### STUDY MATERIAL

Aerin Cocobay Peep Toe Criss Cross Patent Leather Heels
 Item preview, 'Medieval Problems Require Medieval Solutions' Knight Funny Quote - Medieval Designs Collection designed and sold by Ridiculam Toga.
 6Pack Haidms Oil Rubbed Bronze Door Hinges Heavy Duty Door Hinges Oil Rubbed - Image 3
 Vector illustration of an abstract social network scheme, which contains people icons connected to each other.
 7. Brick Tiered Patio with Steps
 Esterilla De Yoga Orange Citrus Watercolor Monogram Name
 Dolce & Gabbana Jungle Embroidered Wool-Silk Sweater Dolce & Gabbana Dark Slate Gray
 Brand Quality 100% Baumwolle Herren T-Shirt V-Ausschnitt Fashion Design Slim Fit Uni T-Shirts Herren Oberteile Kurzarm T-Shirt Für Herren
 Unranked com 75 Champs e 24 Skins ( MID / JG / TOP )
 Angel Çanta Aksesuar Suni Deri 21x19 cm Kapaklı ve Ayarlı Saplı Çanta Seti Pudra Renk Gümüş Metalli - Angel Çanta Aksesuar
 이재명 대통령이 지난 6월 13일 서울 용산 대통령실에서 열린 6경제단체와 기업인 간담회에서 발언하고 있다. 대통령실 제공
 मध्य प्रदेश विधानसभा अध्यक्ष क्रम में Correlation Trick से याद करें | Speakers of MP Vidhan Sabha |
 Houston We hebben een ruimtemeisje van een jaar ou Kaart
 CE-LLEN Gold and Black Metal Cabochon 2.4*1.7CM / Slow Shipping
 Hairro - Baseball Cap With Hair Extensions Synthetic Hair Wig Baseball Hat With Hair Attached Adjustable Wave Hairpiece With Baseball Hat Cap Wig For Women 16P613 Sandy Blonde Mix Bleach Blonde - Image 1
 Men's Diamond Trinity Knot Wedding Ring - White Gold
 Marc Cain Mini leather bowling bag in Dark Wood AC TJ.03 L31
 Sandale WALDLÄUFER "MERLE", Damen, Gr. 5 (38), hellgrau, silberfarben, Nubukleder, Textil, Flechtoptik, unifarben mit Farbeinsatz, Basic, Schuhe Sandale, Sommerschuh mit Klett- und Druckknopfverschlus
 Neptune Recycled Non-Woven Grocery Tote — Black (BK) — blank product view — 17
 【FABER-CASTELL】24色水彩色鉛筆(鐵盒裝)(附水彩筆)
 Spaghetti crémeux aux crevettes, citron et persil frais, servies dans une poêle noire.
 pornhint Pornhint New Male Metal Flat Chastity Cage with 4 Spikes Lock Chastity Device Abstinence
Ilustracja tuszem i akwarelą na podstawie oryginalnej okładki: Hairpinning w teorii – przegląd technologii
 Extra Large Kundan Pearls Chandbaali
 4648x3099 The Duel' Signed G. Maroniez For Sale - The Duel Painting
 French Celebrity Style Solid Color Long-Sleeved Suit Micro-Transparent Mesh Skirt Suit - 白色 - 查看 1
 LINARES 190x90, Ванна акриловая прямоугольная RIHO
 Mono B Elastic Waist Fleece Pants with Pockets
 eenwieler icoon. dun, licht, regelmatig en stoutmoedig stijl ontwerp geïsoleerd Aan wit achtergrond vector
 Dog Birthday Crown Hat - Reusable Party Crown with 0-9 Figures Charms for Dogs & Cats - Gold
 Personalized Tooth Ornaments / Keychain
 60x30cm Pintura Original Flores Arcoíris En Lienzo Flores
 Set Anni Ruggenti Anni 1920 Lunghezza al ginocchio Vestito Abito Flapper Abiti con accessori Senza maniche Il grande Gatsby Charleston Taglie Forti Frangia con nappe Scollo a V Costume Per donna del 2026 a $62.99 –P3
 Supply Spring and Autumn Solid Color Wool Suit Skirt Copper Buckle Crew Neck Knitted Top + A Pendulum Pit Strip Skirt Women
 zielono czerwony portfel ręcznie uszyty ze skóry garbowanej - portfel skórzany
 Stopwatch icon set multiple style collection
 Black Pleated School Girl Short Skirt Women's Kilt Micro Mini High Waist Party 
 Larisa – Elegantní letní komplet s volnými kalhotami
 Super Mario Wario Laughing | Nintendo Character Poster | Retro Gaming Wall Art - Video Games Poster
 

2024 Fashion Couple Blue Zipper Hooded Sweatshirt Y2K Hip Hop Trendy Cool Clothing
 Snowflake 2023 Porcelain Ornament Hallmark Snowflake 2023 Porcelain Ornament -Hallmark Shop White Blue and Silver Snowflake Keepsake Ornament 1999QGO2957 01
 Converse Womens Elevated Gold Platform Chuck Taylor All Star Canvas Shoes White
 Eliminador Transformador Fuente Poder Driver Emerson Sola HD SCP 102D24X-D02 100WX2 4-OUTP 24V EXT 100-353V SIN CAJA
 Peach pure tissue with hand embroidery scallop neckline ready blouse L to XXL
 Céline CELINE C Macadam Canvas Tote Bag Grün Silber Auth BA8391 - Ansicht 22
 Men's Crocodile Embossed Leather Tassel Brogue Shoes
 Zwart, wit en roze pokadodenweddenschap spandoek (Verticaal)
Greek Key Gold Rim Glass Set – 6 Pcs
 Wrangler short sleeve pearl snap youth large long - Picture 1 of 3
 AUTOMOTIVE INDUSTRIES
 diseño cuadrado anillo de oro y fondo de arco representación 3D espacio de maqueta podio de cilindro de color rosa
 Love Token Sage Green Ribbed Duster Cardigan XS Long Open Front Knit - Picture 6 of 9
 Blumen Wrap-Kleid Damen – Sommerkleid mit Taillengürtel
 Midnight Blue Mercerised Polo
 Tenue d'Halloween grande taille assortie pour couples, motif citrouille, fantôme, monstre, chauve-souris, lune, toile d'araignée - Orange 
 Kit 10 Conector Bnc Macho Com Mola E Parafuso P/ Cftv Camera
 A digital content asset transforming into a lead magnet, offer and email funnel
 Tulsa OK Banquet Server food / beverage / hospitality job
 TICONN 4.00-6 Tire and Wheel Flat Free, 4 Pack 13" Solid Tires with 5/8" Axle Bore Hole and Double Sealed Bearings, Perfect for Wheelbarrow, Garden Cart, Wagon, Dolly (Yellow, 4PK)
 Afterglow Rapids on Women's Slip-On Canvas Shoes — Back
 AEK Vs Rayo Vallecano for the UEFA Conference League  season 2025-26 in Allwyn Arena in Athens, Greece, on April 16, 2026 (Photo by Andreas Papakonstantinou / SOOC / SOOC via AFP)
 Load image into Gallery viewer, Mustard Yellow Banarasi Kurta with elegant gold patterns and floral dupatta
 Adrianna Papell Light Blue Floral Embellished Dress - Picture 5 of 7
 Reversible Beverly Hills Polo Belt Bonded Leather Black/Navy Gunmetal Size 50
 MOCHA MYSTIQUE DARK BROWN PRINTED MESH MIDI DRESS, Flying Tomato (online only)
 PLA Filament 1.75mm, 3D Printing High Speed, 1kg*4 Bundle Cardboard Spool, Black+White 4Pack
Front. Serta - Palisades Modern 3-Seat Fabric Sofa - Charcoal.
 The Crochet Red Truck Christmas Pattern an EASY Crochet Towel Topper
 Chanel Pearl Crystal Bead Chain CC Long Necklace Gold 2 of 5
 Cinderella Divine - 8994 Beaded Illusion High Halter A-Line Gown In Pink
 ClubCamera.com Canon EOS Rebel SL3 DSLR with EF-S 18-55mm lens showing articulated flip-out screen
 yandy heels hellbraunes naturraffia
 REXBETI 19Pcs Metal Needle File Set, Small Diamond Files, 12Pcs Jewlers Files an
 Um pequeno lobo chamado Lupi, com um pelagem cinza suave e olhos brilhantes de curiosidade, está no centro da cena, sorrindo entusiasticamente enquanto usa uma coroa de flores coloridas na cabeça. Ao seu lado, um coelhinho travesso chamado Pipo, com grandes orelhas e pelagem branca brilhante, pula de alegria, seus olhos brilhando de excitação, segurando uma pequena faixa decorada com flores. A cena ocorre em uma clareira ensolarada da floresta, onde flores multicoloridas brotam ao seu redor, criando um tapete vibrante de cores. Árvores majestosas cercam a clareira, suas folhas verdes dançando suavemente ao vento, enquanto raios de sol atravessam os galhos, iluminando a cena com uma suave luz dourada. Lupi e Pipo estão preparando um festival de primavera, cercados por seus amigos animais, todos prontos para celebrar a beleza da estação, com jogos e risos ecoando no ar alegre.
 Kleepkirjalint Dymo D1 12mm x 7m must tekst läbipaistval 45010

######

TASK TO COMPLETE: Filter the lines above, keeping each one that contains the string "Front".

TASK OUTPUT:
 Love Token Sage Green Ribbed Duster Cardigan XS Long Open Front Knit - Picture 6 of 9
Front. Serta - Palisades Modern 3-Seat Fabric Sofa - Charcoal.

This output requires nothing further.